Information shown:
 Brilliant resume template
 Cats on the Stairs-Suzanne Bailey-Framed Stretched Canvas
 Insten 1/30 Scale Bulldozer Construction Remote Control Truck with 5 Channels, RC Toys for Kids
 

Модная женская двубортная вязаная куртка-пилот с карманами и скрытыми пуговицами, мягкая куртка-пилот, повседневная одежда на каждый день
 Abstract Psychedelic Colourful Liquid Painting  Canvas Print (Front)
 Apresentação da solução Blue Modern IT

...

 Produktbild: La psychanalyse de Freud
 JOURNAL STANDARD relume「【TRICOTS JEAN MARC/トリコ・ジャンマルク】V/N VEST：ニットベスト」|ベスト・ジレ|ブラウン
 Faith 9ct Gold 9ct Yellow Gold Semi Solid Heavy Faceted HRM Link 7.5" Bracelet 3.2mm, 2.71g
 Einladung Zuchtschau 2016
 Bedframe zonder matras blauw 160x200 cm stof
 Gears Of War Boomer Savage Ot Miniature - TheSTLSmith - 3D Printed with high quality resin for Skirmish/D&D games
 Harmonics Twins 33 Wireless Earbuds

Problem details: Check each line of the material above for the word "Canvas", then state how many lines hold it. Only the number.

Reply to the exercise: 2